*** DATASET EXTRACT ***

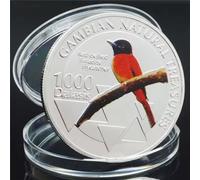 JUANLI Moneda Conmemorativa de Gambia, Tesoros Naturales, Animales Salvajes, Moneda Plateada, Mono, papamoscas, pájaro, Moneda de Recuerdo de África, Regalos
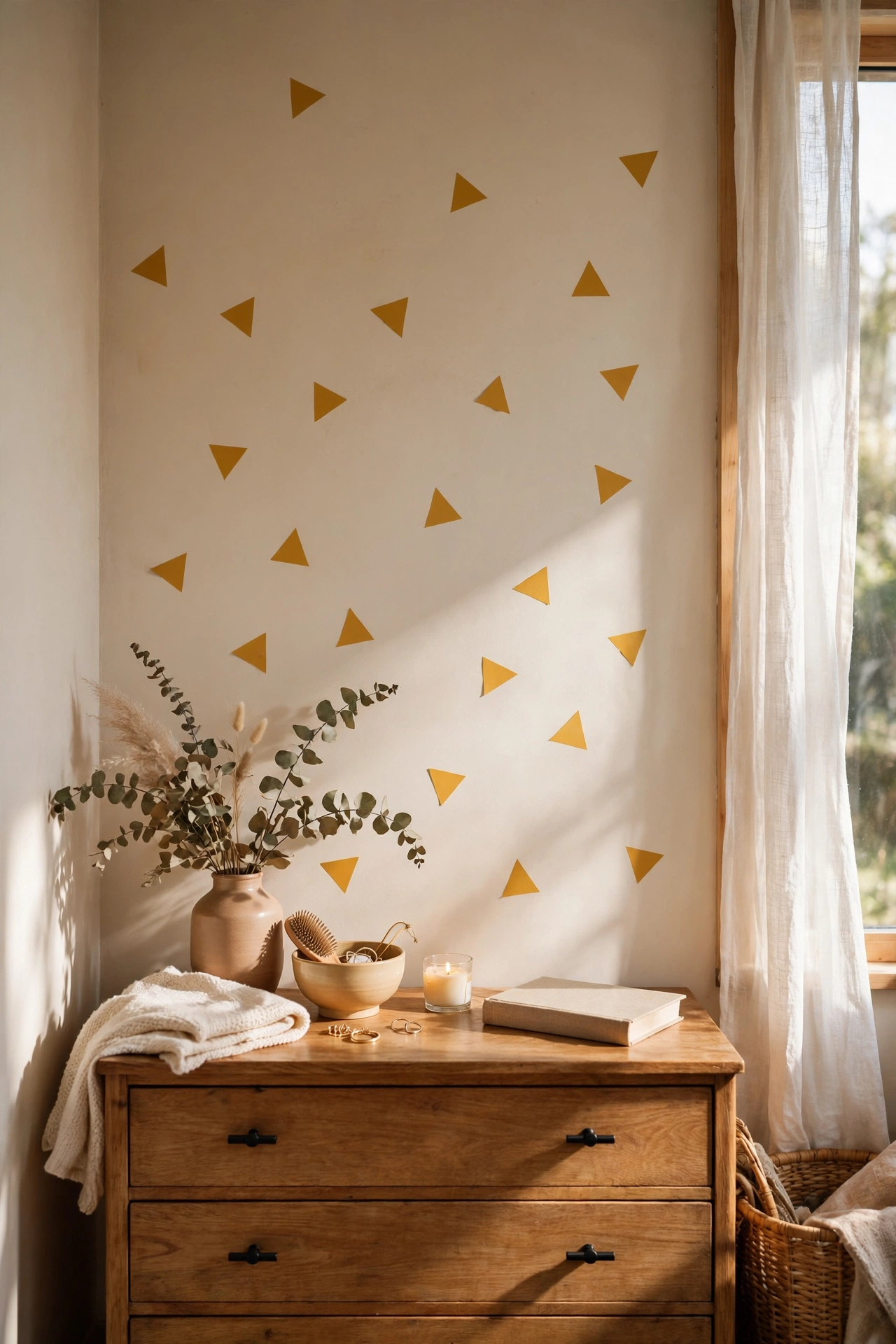 Scattered mustard geometric triangle decals on a bedroom wall above a dresser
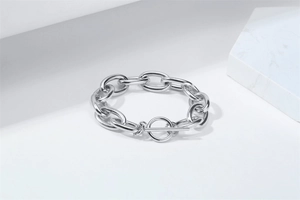 Detail shot of a silver thick link chain bracelet with a toggle clasp and polished finish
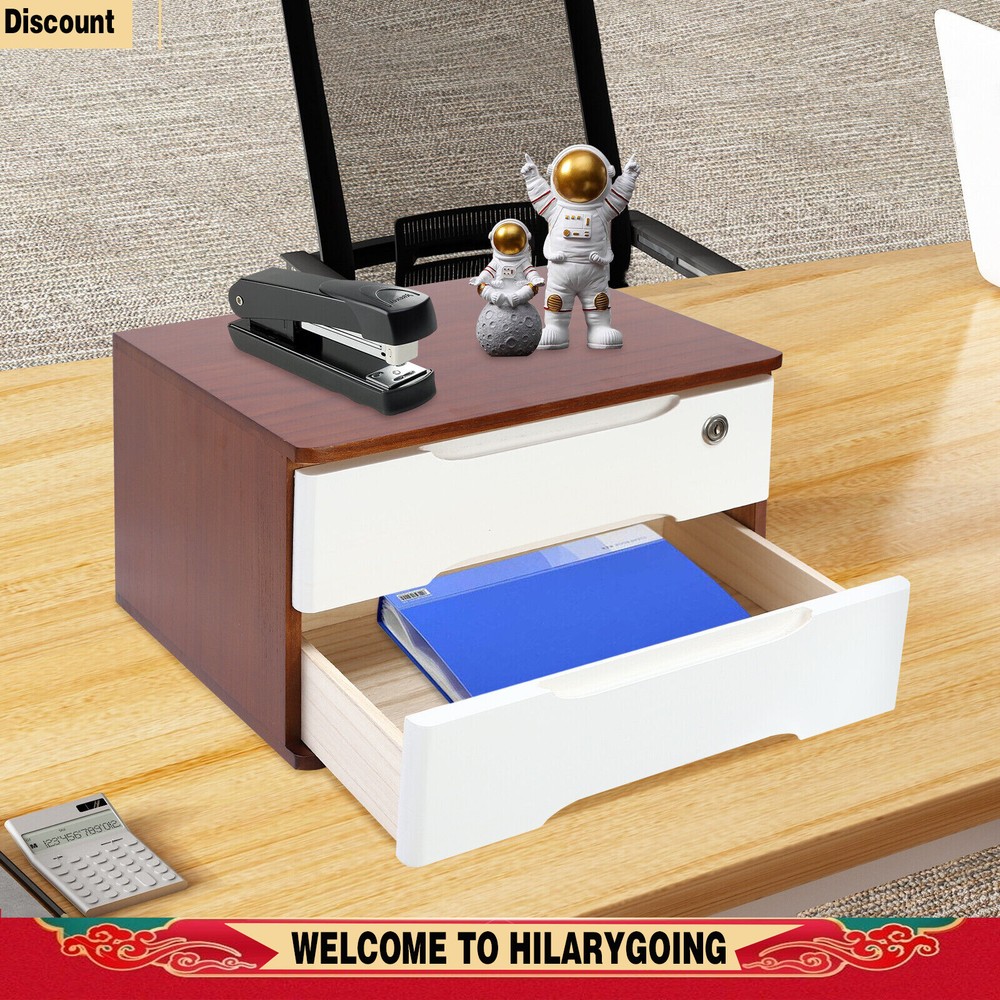 Desktop 2 Drawers Case+2keys 2-tier Wooden Desktop Storage Box With Lockable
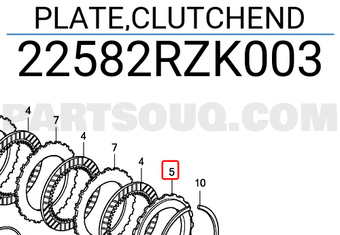 Honda 22582RZK003 PLATE,CLUTCHEND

*** End of DATASET EXTRACT ***

> **EXERCISE AIM**
Transcribe every entry above exactly. Omit all pictures.

> **RESPONSE TO THE EXERCISE**
 JUANLI Moneda Conmemorativa de Gambia, Tesoros Naturales, Animales Salvajes, Moneda Plateada, Mono, papamoscas, pájaro, Moneda de Recuerdo de África, Regalos
 Scattered mustard geometric triangle decals on a bedroom wall above a dresser
 Detail shot of a silver thick link chain bracelet with a toggle clasp and polished finish
 Desktop 2 Drawers Case+2keys 2-tier Wooden Desktop Storage Box With Lockable
 Honda 22582RZK003 PLATE,CLUTCHEND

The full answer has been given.